Es ist wahrscheinlich nicht zuletzt dem 1960 mit dem Oscar prämierten Dokumentarfilm "Serengeti darf nicht sterben" von Bernhard Grzimek zu verdanken, dass der wohl berühmteste aller Nationalparks in Afrika erhalten blieb. Damals wollten Politiker Teile des Parks in Tansania verlagern, ungeachtet der Lebensgewohnheiten der Wildtiere. Aber schon wenige Jahre später stand die Serengeti wieder vor dem Aus: Diesmal waren es Wilderer, die die Tierbestände zu vernichten drohten. Das Problem hat man inzwischen weitgehend in den Griff bekommen.

Von Dagmar Röhrlich | 28.11.2006
    Das Brüllen der Löwen trägt weit in der Nacht. Ihre Jagd war erfolgreich, sie haben ein Gnu gerissen. In der Serengeti machen die großen Raubkatzen heute leicht Beute. Vor 30 Jahren war das anders, damals hatten Wilderer die Oberhand:

    "Die ganz schlimmste Wilderei, das war Ende der 70er und Anfang der 80er Jahre, als diese Wildereiwelle durch Afrika durchging, die vor allem sich zuerst auf die Elefanten und auf die Nashörner konzentrierte. So verloren wir dazumal fast alle Elefanten, da gab es noch eine Gruppe von etwa 300 Elefanten im Zentrum des Parks."

    Markus Borner, Referatsleiter Afrika bei der Zoologischen Gesellschaft in Frankfurt, arbeitet sozusagen als "Grzimek-Nachfolger" in der Serengeti. Neben der Trophäenjagd grassierte damals die Fleischwilderei für den eigenen Kochtopf und den Verkauf auf dem Markt, erzählt er. Abertausende von Gnus und Zebras wurden abgeschlachtet. Die Ursachen für den Niedergang waren Armut - und Politik:

    "Das ist mit Sicherheit die Grenzschließung zwischen Tansania und Kenia, die dazumal zu einem völligen Zusammenbruch des Tourismus und damit eben auch zu einem Zusammenbruch aller Einnahmen für den Nationalpark geführt hat."
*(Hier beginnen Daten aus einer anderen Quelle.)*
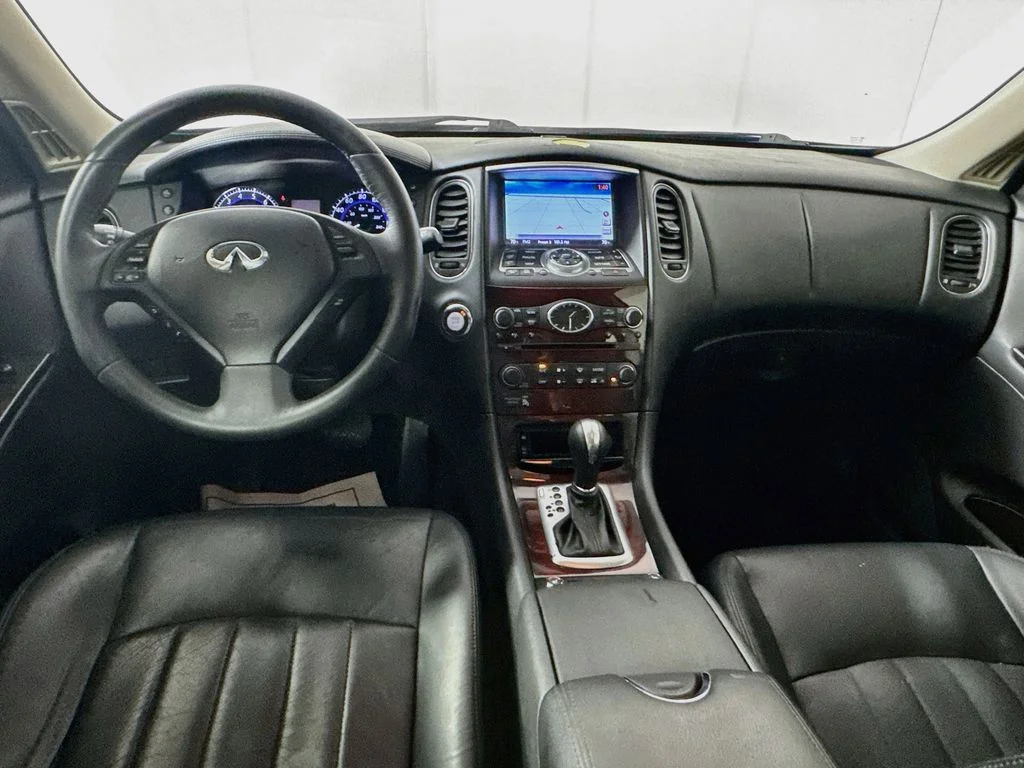Used 2015 Black Obsidian INFINITI Journey image 28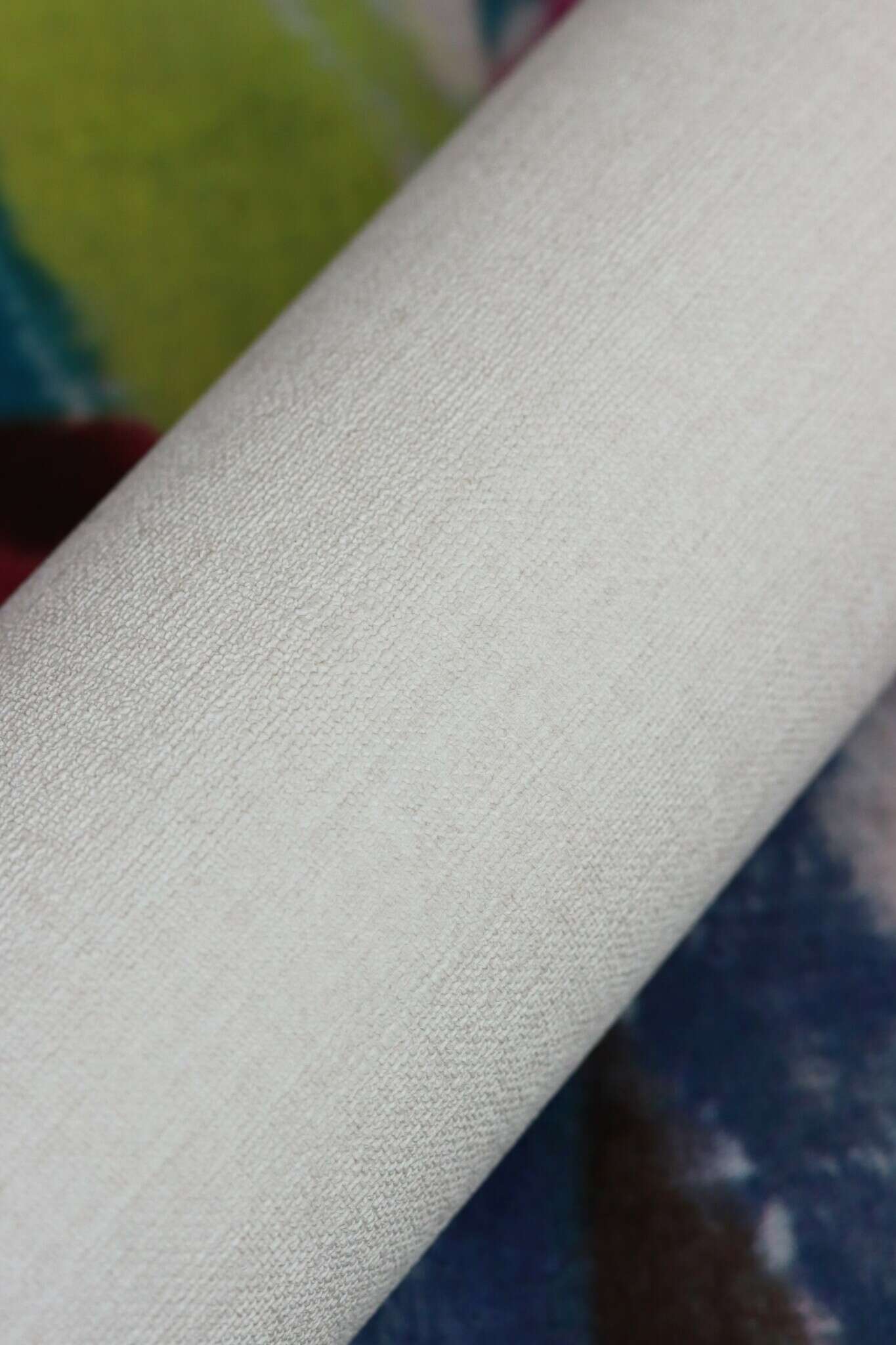 10-448641 Detailaufnahmen 4 Detailbild von Unifarbene Tapete in zartem Creme mit textiler Leinenartiger Oberfläche, ideal für wohnliche Raumkonzepte.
    1977, vor der Grenzschließung, besuchten mehr als 100.000 Touristen die Serengeti. Dann kam fast niemand mehr. Damit fehlten die Einnahmen für den Schutz des Nationalparks. Die Zahl der Patrouillen sank auf weniger als 60 im Jahr, heute sind es 20 bis 30 pro Tag. Die Wilderer hatten freie Bahn. Die Frankfurter Zoologische Gesellschaft sprang ein, gab Geld, um den Kampf um die Serengeti zu beginnen.

    "Es ging am Anfang vor allem um bessere Ausrüstung. Einen großen Park wie den Serengeti-Park kann man nicht einfach zu Fuß beschützen, da braucht man schon Wagen. Wir haben dann auch unpopuläre Projekte gemacht, zum Beispiel einer Garage zum Unterhalt der Fahrzeuge eingerichtet, das ist eigentlich sehr schwierig in einer Naturschutzumwelt zu erklären, aber es ist sehr wichtig für die Serengeti, den ohne funktionierende Fahrzeuge kann man den Park nicht beschützen."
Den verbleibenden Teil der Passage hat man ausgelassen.